### TASK ITEM
Everything from the line containing "Split Miner" through the last line of the data below is to be retyped exactly, apart from the pictures.

### DATA FOR THIS TASK
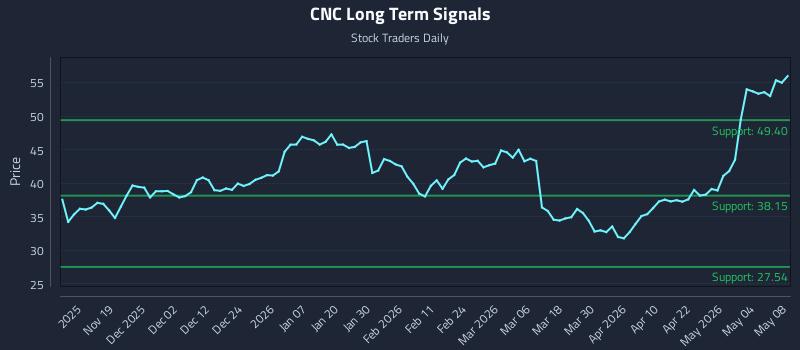 CNC Long Term Analysis for May 10 2026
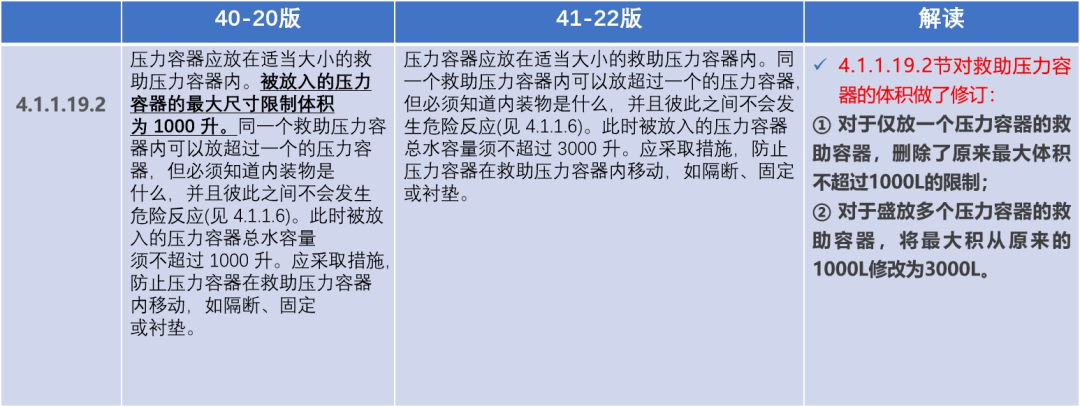 41-22版imdg即將強制實施,這些變更與你有關_條目_規定_包裝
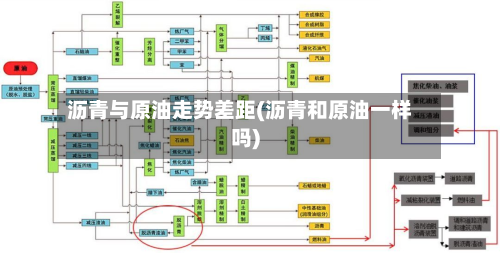 沥青与原油走势差距(沥青和原油一样吗)-第2张图片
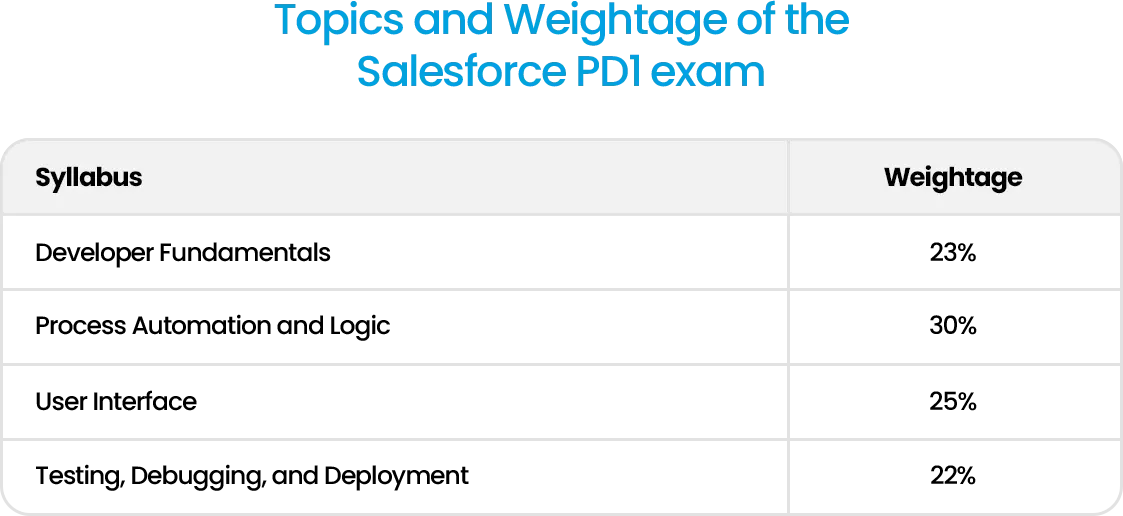 Topics and Weightage of the Salesforce PD1 exam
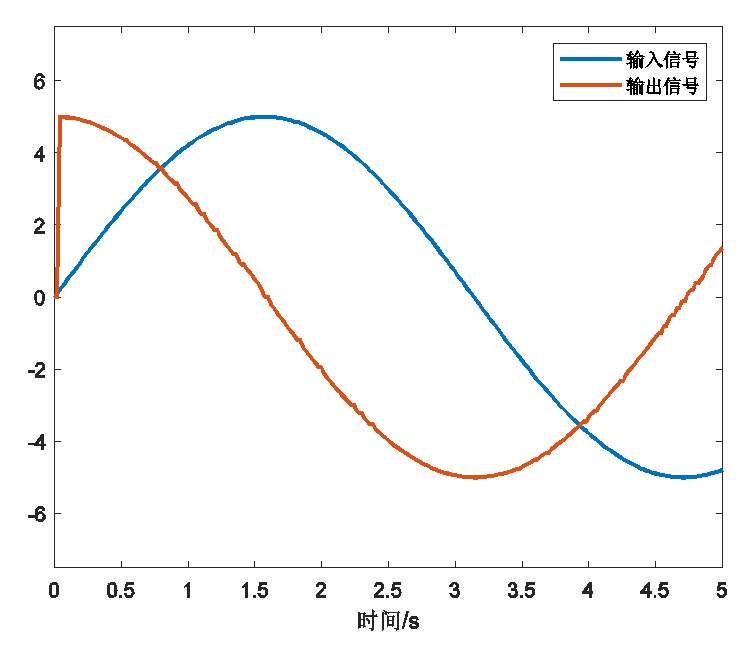 基本控制组态微分环节运行结果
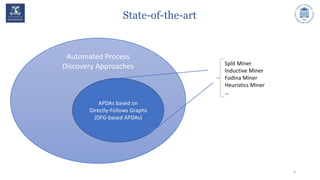 State-of-the-art
4
Automated Process
Discovery Approaches
APDAs based on
Directly-Follows Graphs
(DFG-based APDAs)
Split Miner
Inductive Miner
Fodina Miner
Heuristics Miner
…
 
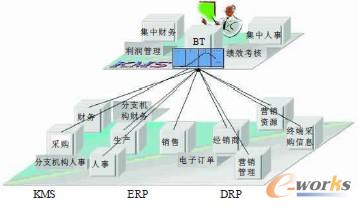 怎么做企业规划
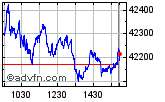 Dow Jones Enable images to view Dow Jones chart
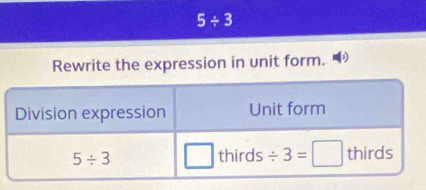 5/ 3
Rewrite the expression in unit form.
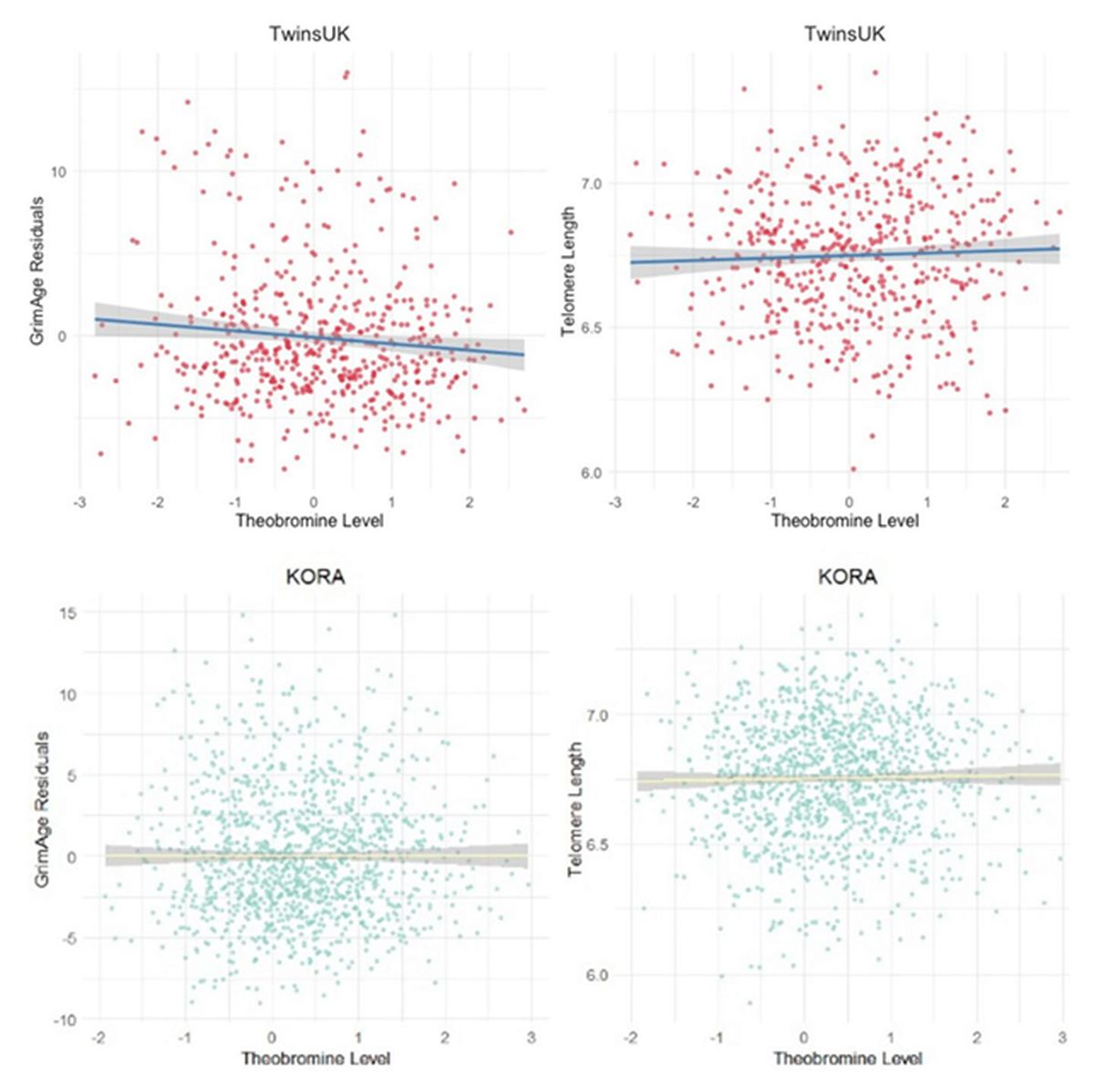 El estudio analiz&oacute; la cantidad del compuesto antienvejecimiento en diferentes chocolates.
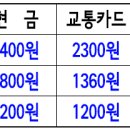 분당도서관.계원예고.계원예술중학교 이미지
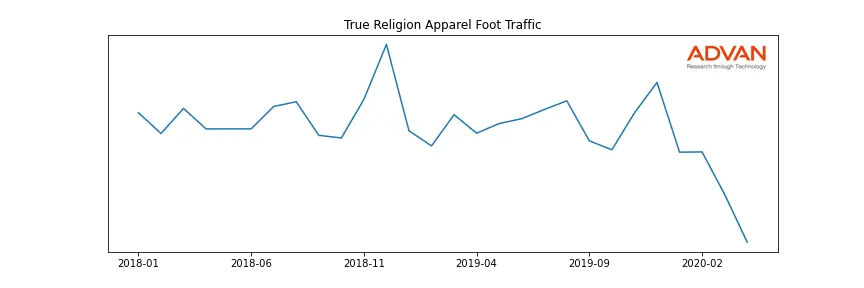 TRLG foot traffic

### EXPECTED OUTPUT
Split Miner
Inductive Miner
Fodina Miner
Heuristics Miner
…
 
 怎么做企业规划
 Dow Jones Enable images to view Dow Jones chart
 5/ 3
Rewrite the expression in unit form.
 El estudio analiz&oacute; la cantidad del compuesto antienvejecimiento en diferentes chocolates.
 분당도서관.계원예고.계원예술중학교 이미지
 TRLG foot traffic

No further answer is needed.